Including unlabelled data in sklearn pipeline


I'm setting up a machine learning pipeline to classify some data. I have lots of unlabelled data (i.e. target variable is unknown) that I would like to make use of. One of the ways I would like to do this is to use the unlabelled data to fit the transformers in my pipeline. For example, for the variables I am scaling when StandardScaler is called I want it to fit on the given training data plus the unlabelled data and then transform the training data.

For clarity, outside of a pipeline I can implement it like this:

    all_data =  pd.concat([labelled_data, unlabelled_data])
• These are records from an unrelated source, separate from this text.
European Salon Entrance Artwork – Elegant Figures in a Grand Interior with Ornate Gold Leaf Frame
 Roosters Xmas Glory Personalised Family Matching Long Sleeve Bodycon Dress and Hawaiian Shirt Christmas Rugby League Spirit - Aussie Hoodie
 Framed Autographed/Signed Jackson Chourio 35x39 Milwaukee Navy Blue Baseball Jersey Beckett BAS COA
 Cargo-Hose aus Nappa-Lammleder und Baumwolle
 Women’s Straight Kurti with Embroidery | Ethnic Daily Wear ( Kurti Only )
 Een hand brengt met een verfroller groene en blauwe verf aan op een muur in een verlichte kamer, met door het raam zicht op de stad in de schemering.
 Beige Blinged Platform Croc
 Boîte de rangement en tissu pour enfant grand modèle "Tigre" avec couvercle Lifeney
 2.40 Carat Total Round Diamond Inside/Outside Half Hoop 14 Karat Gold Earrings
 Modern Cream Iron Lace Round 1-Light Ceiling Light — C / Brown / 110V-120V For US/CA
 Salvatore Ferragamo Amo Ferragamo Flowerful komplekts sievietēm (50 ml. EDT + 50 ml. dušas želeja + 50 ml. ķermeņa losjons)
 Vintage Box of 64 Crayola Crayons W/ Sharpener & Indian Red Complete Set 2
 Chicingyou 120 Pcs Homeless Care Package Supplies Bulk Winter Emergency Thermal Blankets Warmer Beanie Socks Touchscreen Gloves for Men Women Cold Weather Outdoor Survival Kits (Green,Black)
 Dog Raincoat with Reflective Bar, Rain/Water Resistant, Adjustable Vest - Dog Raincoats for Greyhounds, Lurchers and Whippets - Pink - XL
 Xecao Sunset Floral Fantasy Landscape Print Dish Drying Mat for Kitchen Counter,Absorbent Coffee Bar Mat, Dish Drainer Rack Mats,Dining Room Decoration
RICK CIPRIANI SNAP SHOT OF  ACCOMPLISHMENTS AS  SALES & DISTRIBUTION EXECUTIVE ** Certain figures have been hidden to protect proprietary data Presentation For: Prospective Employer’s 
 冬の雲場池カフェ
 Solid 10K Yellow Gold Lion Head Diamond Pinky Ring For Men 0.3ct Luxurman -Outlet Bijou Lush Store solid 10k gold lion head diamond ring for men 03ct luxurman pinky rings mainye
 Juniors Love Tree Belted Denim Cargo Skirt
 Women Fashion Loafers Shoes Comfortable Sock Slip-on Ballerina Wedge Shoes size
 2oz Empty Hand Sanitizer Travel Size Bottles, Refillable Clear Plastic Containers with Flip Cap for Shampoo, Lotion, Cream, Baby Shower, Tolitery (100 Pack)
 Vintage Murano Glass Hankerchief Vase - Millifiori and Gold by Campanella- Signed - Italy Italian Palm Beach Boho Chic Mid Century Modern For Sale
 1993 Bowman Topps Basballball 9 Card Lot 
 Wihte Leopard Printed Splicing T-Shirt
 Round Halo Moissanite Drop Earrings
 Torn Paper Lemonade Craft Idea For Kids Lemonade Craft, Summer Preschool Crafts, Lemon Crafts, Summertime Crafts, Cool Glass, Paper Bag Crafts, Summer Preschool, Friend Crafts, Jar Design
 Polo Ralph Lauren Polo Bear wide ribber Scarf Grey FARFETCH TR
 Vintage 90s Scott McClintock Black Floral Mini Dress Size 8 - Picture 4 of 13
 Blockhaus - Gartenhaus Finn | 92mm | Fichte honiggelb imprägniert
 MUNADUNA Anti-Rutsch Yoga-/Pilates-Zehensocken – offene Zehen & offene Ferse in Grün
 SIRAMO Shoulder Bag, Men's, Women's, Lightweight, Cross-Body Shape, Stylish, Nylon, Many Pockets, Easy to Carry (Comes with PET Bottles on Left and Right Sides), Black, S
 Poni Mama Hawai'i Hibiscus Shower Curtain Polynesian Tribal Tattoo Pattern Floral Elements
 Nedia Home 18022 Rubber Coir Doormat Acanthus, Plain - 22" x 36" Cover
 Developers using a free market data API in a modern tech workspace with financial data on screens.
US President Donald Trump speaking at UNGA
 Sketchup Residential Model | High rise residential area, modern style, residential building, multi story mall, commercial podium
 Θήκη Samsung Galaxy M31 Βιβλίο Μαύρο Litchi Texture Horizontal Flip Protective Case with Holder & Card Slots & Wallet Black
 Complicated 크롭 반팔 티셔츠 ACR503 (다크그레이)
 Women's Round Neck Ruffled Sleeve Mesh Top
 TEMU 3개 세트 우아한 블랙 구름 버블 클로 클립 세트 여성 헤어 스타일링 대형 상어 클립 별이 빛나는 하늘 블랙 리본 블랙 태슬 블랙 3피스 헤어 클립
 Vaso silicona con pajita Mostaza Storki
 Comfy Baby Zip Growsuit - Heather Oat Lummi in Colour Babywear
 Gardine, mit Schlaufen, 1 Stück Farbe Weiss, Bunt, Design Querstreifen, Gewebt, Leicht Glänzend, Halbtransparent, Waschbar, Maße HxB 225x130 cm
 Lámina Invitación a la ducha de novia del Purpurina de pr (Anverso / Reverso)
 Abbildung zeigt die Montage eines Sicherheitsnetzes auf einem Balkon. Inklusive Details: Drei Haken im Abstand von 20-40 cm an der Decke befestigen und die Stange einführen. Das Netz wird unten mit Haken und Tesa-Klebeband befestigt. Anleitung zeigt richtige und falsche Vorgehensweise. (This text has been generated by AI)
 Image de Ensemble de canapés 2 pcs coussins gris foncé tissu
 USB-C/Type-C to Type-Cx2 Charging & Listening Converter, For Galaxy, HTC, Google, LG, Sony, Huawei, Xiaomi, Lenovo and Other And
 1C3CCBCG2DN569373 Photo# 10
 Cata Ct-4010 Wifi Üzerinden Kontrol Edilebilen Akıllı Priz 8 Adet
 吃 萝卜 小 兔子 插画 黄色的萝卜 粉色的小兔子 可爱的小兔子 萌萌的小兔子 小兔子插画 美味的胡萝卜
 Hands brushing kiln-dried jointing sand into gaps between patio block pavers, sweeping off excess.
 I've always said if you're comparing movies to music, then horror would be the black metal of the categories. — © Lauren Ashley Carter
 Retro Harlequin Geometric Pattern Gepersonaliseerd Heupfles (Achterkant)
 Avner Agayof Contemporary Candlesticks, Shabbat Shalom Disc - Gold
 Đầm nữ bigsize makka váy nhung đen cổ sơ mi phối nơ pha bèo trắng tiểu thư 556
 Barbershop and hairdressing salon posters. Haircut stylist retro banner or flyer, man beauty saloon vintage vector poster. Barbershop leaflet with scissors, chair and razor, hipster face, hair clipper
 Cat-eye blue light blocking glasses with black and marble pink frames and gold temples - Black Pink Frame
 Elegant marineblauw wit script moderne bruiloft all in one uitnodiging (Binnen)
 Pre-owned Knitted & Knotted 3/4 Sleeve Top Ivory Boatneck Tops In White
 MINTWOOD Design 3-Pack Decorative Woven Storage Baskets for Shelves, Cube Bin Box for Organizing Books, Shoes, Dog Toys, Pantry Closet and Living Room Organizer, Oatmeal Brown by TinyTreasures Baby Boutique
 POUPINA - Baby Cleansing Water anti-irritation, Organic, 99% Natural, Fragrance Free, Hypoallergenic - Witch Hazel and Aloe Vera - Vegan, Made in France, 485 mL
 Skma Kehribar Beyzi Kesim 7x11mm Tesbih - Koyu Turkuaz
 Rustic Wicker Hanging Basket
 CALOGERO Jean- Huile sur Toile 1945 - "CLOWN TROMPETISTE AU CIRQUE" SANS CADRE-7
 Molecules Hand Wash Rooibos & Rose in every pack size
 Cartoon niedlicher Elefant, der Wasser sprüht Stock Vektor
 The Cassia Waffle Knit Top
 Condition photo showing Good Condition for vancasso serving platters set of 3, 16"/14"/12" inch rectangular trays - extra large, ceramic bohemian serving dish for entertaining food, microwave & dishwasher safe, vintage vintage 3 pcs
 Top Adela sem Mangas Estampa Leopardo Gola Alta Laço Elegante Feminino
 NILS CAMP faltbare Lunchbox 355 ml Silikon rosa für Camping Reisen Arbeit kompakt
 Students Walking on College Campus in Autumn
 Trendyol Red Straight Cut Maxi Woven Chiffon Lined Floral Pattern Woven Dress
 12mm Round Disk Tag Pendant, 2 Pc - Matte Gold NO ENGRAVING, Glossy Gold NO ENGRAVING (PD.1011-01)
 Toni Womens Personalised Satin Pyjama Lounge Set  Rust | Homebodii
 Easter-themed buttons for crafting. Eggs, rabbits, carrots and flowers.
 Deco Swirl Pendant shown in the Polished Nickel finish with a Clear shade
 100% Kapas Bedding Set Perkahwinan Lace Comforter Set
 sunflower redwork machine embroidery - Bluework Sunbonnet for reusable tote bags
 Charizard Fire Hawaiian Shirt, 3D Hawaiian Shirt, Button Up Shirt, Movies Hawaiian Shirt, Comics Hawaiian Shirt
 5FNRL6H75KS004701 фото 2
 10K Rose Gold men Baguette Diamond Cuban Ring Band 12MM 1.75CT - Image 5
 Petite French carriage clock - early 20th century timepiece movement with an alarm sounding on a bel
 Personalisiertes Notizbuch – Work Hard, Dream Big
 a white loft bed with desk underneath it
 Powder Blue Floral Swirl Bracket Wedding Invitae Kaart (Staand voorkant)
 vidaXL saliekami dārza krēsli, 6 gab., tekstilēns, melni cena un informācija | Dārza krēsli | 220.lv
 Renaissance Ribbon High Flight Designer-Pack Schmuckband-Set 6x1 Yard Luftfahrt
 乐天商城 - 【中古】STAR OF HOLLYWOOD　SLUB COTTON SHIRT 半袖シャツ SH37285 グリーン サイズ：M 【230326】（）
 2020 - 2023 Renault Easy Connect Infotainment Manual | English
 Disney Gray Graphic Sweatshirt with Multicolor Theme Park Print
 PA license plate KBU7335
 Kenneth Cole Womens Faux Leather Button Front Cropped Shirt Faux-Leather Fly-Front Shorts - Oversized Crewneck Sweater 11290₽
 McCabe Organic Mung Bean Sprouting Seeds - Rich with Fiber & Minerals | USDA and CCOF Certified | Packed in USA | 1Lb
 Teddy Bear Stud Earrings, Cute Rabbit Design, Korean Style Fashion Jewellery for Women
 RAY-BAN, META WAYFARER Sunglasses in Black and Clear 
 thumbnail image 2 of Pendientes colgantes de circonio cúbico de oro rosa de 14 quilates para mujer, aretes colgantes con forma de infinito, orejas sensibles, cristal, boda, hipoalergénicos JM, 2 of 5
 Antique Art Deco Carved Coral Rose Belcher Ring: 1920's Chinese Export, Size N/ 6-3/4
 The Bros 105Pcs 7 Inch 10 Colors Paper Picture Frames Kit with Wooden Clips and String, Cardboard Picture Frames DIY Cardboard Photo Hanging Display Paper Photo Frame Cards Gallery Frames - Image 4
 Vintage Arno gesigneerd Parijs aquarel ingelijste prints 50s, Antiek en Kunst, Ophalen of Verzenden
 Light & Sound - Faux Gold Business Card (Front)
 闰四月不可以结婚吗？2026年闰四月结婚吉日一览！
    s_scaler = StandardScaler()
    s_scaler.fit(all_data)
    scaled_labelled_df = s_scaler.transform(labelled_data)

Is there a way of implementing this in the sklearn pipeline? I've had a look at the FunctionTransformer method but don't understand how I could use it in this case.


Solution

  • Defining a new class which inherits from the desired transformer with a modified fit method should do the trick e.g.

    class StandardScaleWULD(StandardScaler):
        def __init__(self):
            super().__init__()
            self.unlabelled_data = UNLABELLED_TRAITS
    
        def fit(self, X, y=None, sample_weight=None):
            all_data = pd.concat([X, self.unlabelled_data])
            return super().fit(all_data, y, sample_weight)
    

    this new transformer can then be used in the pipeline as usual.